According to studies, cashew leaves are full of nutrients, vitamins, and antacids that prevent stomach ulcer-causing germs from growing. One study from 2014 lists Helicobacter pylori, an infectious bacterium that thrives in the stomach lining, and high stomach acidity as the two main causes of ulcers. After many experiments, researchers found that cashew leaves contain anacardic acid, an antioxidant that balances out the excess hydrochloric acid in the stomach, creating an alkaline (or neutral) environment and effectively protecting the intestinal wall.
According to a health article published by Sweetish Hill, cashew leaves also contain quercetin glycoside, a chemical compound that aids the production of glycoprotein. To be specific, the glycoprotein is a group of proteins that guards against the development of sores on the gastric lining. Note that the discomfort a patient with an ulcer has is because of these internal sores.
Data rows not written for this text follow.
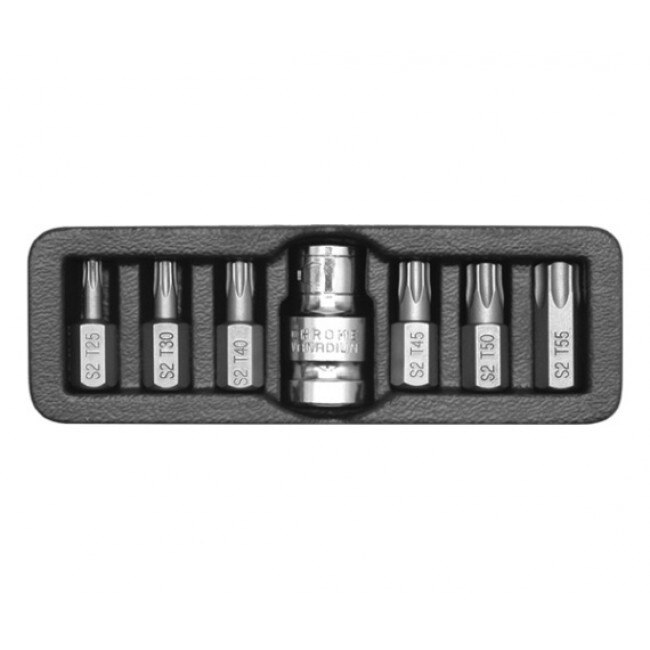 Yato Set Torx 7 piese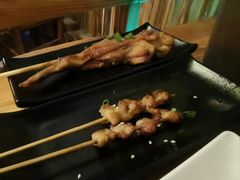 -土蚝·高压锅生蚝(百姓美食街店)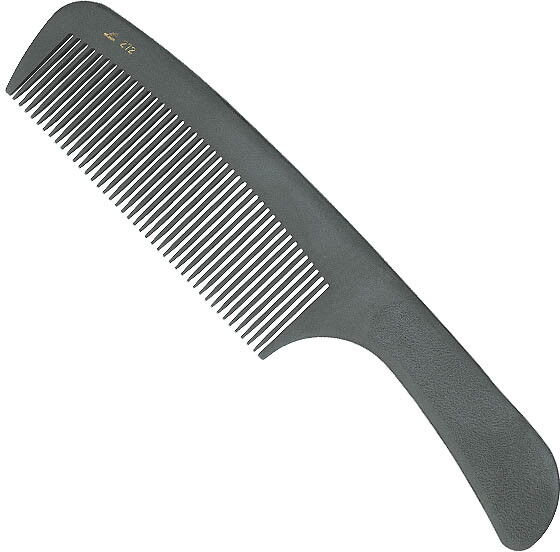 Fejic Carbon Griffkamm 272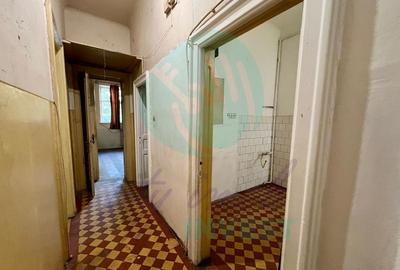 Apartament in vila boiereasca la 5 minute de Parcul Cismigiu - 10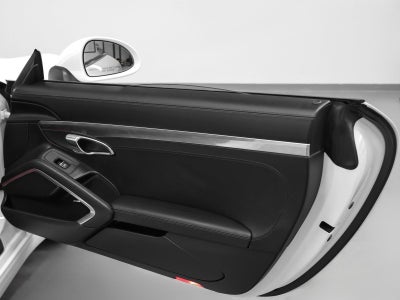 2014 Porsche 911 Carrera S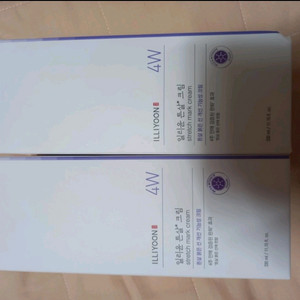 일리윤튼살크림300ml 이미지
In addition, a microbiologist at Ekiti State University, Nigeria revealed in a 2014 journal that cashew leaves contain hydroethanolic extract suggested to have ulcer-healing properties. This implies that when you chew or boil cashew leaves into tea, it soothes the surface of the lesion in the stomach.
Finally, nutritionists suggest that ulcer patients chew or boil cashew leaves into tea not only for its pain-relieving effect but also for its healing potential. Cheers!